Comparisons of SNP allele and PHASE haplotype frequencies in case patients and control subjects were performed with the χ2 test. Testing SNP alleles for association with quantitative traits was carried out with the Wilcoxon-Kruskal-Wallis test (3032). Pairwise LD was calculated with the GOLD software package (33) from the haplotype counts output by PHASE. Serum adiponectin levels were measured as described previously (25) and corrected for sex, age, and BMI (26). Linkage analyses were carried out using the Genehunter software package (34). Type 2 diabetes logarithm of odds (LOD) scores were calculated using the MLS statistic (35) with all ASPs included but weighted by 2/n affected siblings. LOD scores for adiponectin levels were carried out using the EM Haseman-Elston regression statistic (36) with only the first ASP from each sibship included in the analysis (34,36). The information content for all microsatellite markers in the 3q27-qter region exceeded 0.85 (24).

Association with the evidence for linkage.

For each SNP, we tested both alleles for association with the evidence for linkage (AEL). Following a modified version of the method of Horikawa et al. (37), we postulated that if allele 1 (the major allele) was the predisposing allele, then ASPs that contribute to the linkage would have concordant 1x-1x genotypes, i.e., 1/1-1/1 or 1/2-1/2 genotypes. Similarly, if allele 2 (the minor allele) were the risk allele, then ASPs would have concordant x2-x2 genotypes, i.e., 1/2-1/2 or 2/2-2/2 genotypes. This is equivalent to a dominant model of inheritance. Accordingly, a set of ASPs with concordant genotypes 1/1-1/1 or 1/2-1/2 and a set of ASPs with concordant genotypes 1/2-1/2 or 2/2-2/2 were identified. Expected identical-by-descent (ibd) allele-sharing proportions under the null hypothesis of no AEL were calculated for each concordant ASP set conditional on allele frequency, concordant genotype, and the estimated ibd sharing distribution for peak linkage marker D3S1580 (24). The probability of an ASP having the concordant genotype 1/1 or 2/2 is given by p4−s or q4−s, respectively, where p and q are the frequencies of alleles 1 and 2 and s is the number of alleles shared ibd. The probability of an ASP having the concordant genotype 1/2 given 0, 1, and 2 alleles shared ibd is (2pq)2, pq, and 2pq, respectively. Observed ibd sharing proportions were determined by counting the number of concordant ASPs in each ibd class, as indicated by the estimated ibd sharing status of the ASP. An observed allele-sharing proportion that is higher than the null level presents evidence of AEL. The statistical significance of the difference between the observed and expected allele sharing was determined by gene-dropping simulation, preserving the ibd status of ASPs, as described previously (29,37). Empirical P values were all >0.05 with 100 simulations.

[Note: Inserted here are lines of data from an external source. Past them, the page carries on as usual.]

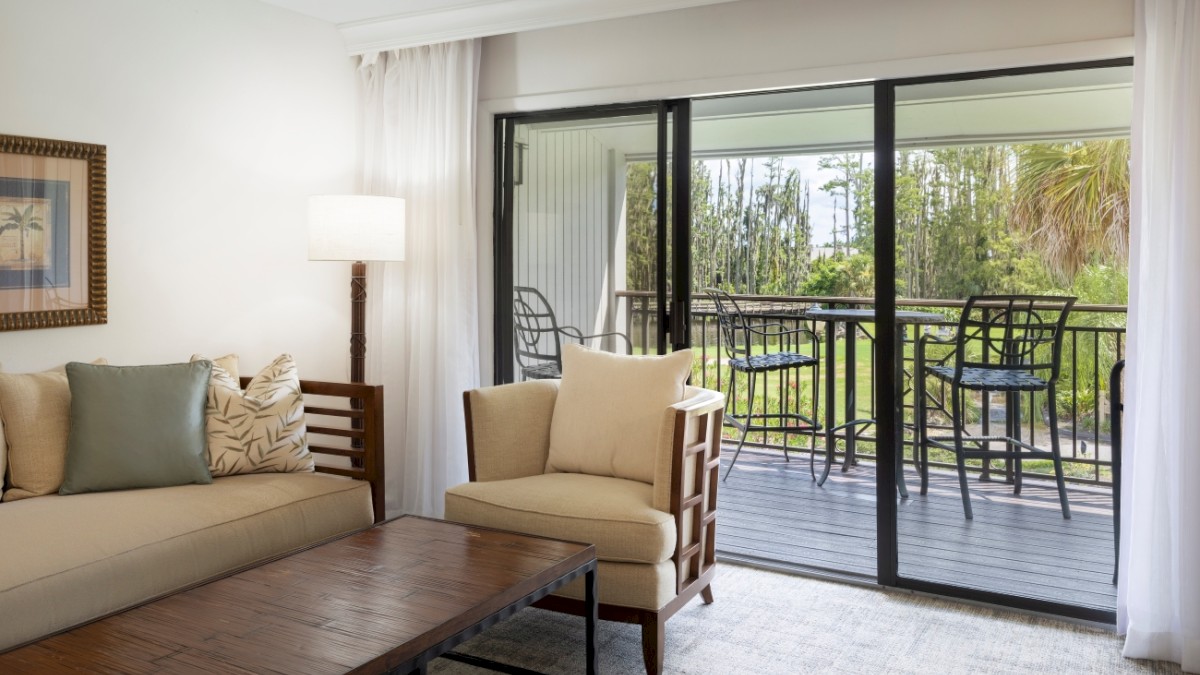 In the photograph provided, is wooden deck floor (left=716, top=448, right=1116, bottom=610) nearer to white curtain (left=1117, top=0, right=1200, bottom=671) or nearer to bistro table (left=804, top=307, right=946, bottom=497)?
white curtain (left=1117, top=0, right=1200, bottom=671)

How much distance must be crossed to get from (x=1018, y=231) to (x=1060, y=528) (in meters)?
1.12

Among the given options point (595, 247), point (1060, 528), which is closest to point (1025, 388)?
point (1060, 528)

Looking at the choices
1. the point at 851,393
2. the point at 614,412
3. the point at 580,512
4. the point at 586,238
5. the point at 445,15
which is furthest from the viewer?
the point at 851,393

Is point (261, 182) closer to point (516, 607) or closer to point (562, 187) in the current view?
point (562, 187)

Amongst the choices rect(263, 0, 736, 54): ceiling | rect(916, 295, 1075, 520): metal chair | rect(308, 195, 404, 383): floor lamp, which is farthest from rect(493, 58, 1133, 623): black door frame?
rect(308, 195, 404, 383): floor lamp

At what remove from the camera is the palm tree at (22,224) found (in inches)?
122

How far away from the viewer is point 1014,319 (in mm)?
3346

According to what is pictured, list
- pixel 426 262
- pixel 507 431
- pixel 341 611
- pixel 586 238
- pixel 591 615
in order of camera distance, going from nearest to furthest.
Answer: pixel 341 611 → pixel 591 615 → pixel 507 431 → pixel 586 238 → pixel 426 262

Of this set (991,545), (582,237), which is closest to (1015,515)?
(991,545)

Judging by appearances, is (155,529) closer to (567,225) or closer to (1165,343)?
(567,225)

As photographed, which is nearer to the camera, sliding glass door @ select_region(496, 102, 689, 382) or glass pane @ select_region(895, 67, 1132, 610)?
glass pane @ select_region(895, 67, 1132, 610)

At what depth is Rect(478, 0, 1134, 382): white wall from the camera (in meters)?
3.15

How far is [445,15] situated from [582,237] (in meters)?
1.20

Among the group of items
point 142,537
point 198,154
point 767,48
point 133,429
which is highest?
point 767,48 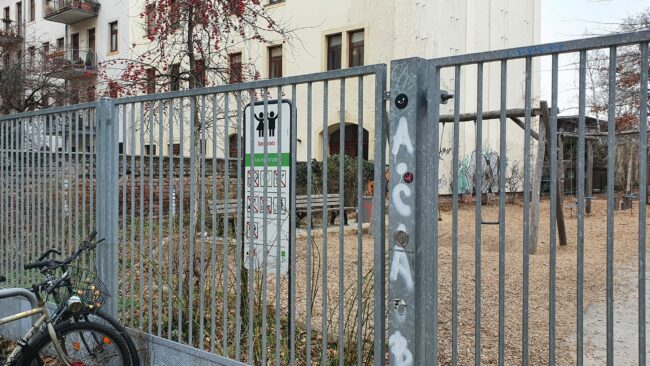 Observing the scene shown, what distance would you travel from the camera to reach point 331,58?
1939 centimetres

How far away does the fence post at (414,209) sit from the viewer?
240 centimetres

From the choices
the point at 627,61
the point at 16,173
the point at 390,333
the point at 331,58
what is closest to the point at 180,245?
the point at 390,333

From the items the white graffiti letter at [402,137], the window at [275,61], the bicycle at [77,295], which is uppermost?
the window at [275,61]

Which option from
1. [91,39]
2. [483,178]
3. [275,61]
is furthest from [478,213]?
[91,39]

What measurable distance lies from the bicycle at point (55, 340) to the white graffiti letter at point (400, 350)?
1950 mm

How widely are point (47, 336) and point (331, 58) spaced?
16697 mm

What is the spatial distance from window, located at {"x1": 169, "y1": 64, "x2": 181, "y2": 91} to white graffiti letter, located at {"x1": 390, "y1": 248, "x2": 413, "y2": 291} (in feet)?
15.5

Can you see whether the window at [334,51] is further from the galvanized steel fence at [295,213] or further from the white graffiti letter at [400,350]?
the white graffiti letter at [400,350]

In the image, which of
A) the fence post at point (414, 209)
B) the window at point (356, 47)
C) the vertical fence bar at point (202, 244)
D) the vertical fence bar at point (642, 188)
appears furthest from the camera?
the window at point (356, 47)

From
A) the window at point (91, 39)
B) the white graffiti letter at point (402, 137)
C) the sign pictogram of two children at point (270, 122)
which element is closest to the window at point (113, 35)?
the window at point (91, 39)

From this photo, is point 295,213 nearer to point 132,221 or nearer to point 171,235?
point 171,235

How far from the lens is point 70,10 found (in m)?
28.5

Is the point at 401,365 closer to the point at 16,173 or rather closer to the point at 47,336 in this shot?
the point at 47,336

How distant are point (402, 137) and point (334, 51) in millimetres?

We have performed a case-control genetic association study of APM1 genetic variants in the French Caucasian population, with the aim of replicating the results of a previous report indicating that SNPs in the APM1 promoter region are associated with type 2 diabetes (26). The genotype distribution was in accordance with Hardy-Weinberg equilibrium for all SNPs (data not shown). There were no significant differences in SNP allele or haplotype frequencies between men and women, and no additional associations were uncovered by stratifying for sex (data not shown).

Of the 10 common SNPs in the APM1 gene (25,26), SNP pairs +45 and +349 and +712 and +2019 are in complete LD (d2 = 1) (26), and so data are presented only for the eight nonredundant SNPs shown in Table 1. The G allele of SNP −11426 in the APM1 promoter was the only variant nominally associated with type 2 diabetes (odds ratio [OR] 1.44 [CI 1.04–1.98]; P = 0.03), a result that was obtained with 551 case patients and 551 control subjects. We did not find evidence for association of SNP −11426 with the homeostasis model assessment of insulin resistance index (38) or with adiponectin levels in either type 2 diabetic patients or normoglycemic control subjects (data not shown).

In haplotype analyses, an important factor to consider is that of missing genotype data, which has a detrimental effect on the accuracy of inferred genotypes. As shown in Table 1, the degree of missing genotype data varied across the eight SNPs analyzed. Thus, in an attempt to strike a balance between maximizing the statistical power for detecting haplotype associations and minimizing the level of missing data, subjects with a minimum of six available SNP genotypes (of a total of eight) were included for haplotype estimation. The haplotype frequency distribution of case patients and control subjects inferred by PHASE is shown in Table 2. The average posterior probability of a haplotype pair across the entire dataset was moderate (0.68 ± 0.23). The most common haplotype spanning the APM1 gene (1-1-1-1-1-1-1-1) was associated with normoglycemia, both with a simple χ2 analysis of the haplotype frequencies output by PHASE (OR 0.78 [95% CI 0.64–0.96]; P = 0.017) and with the HTR software (P = 0.008). A “sliding window” analysis of haplotype associations was also carried out with the HTR software. The haplotypes 1-1-1, 1-1-1-1, and 1-1-1-1-1 all gave empirical P values ≤0.0001, indicating strong association with normoglycemia (Table 3). These results were still significant after a conservative Bonferroni correction for the number of tests carried out in the sliding window analyses. We did not find evidence for association of any haplotype with the homeostasis model assessment of insulin resistance index (38) or with adiponectin levels in either type 2 diabetic patients or normoglycemic control subjects (data not shown). As a group, the pooled rare haplotypes were weakly associated with type 2 diabetes by χ2 analysis (OR 1.19 [95% CI 1.01–1.40]; P = 0.03). The frequency of the “1-2” promoter haplotype previously reported to be associated with type 2 diabetes (26) was higher in type 2 diabetic patients than in normoglycemic control subjects (27.1 vs. 24.4%), but the difference was not statistically significant in this study (P = 0.11).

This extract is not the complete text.